-- Opening Marker --
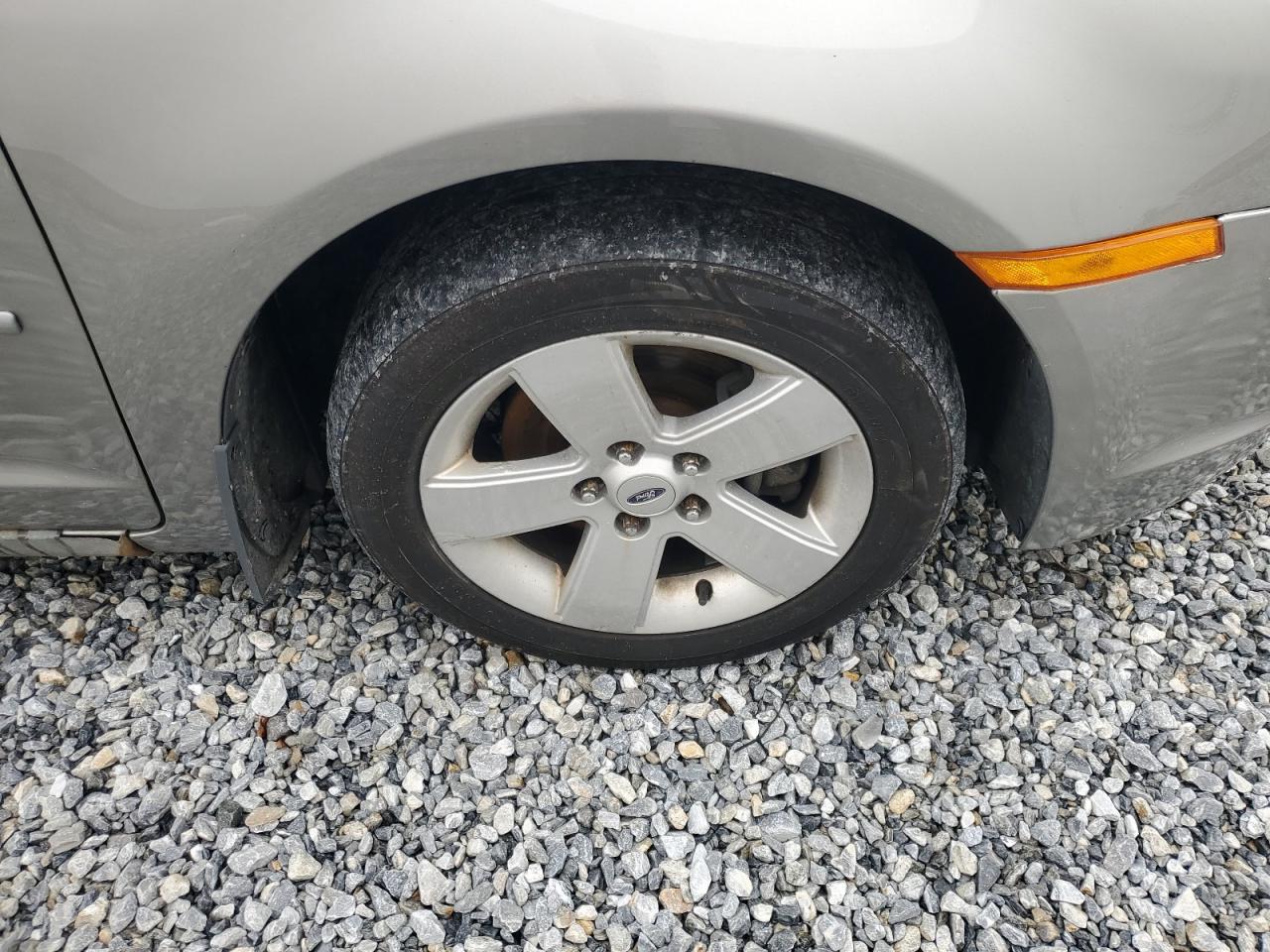 2008 Ford Fusion Se Silver vin: 3FAHP07178R267019 Damage: Right Front Wheel, Curb Rash, 2 To 3 Inches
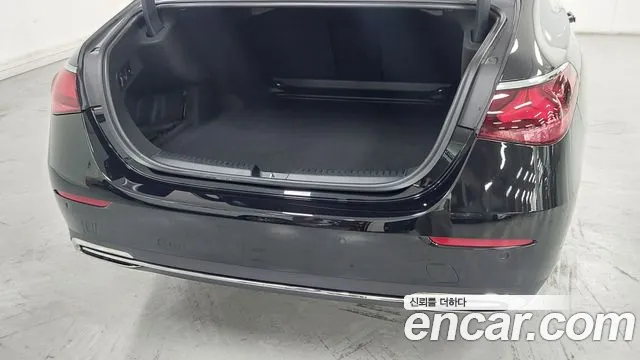 Mercedes-Benz E-Class W214 — Фото автомобиля 11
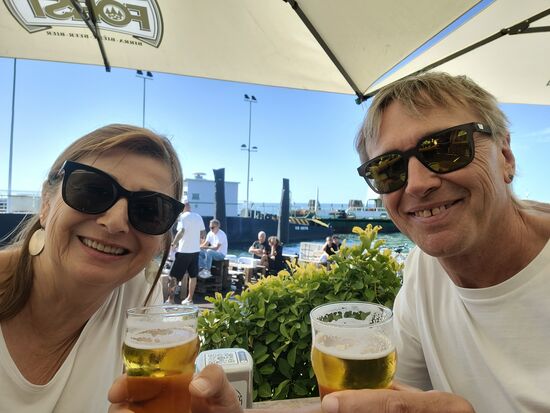 wieder zurück in Pellestrina - vor unserer Inselwanderung stärkten wir uns mit einem Bierchen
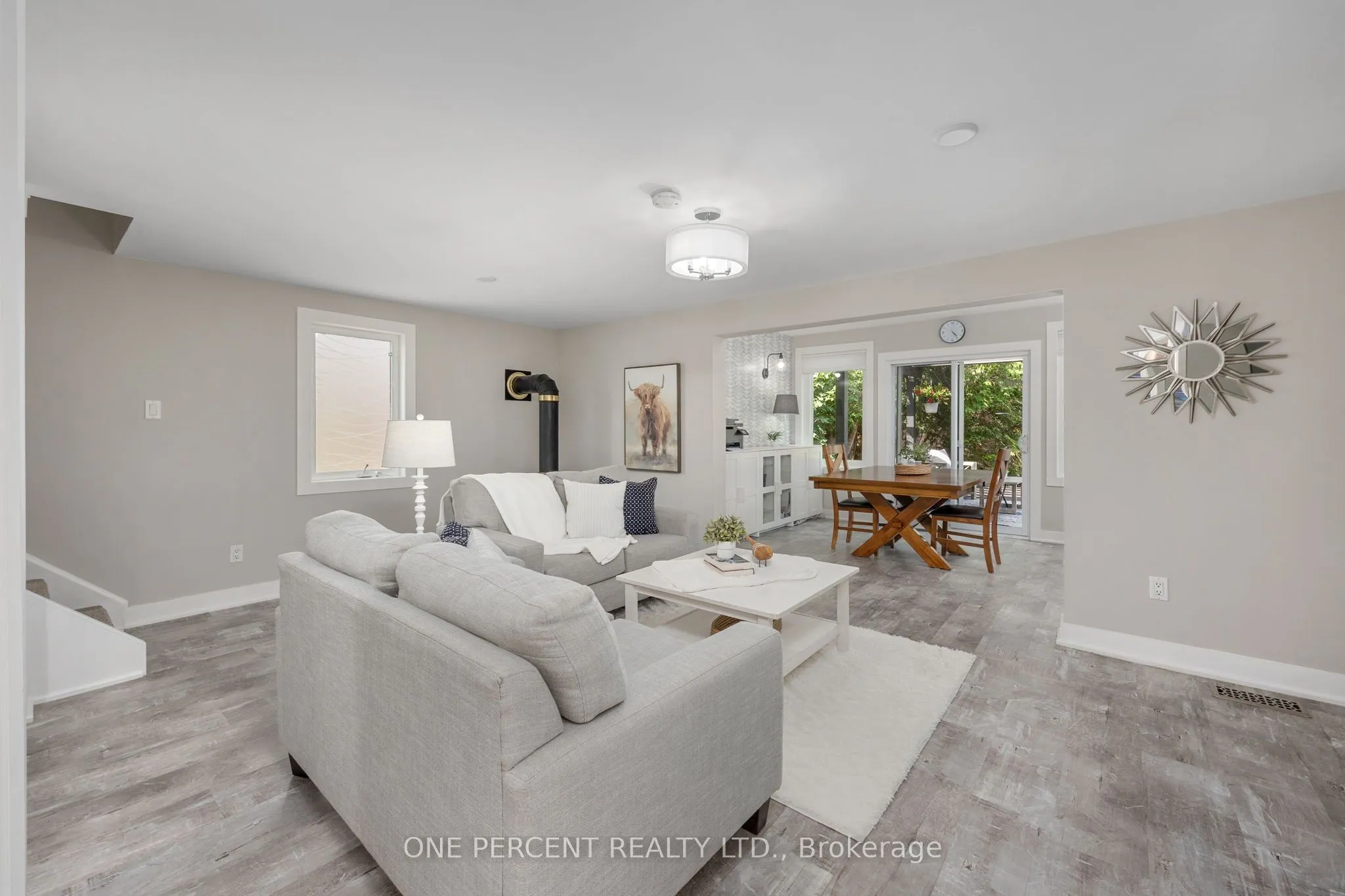 406 Peter Street N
-- Closing Marker --
--- What is required ---
Produce the full material again verbatim, with the pictures dropped.

--- Finished task ---
 2008 Ford Fusion Se Silver vin: 3FAHP07178R267019 Damage: Right Front Wheel, Curb Rash, 2 To 3 Inches
 Mercedes-Benz E-Class W214 — Фото автомобиля 11
 wieder zurück in Pellestrina - vor unserer Inselwanderung stärkten wir uns mit einem Bierchen
 406 Peter Street N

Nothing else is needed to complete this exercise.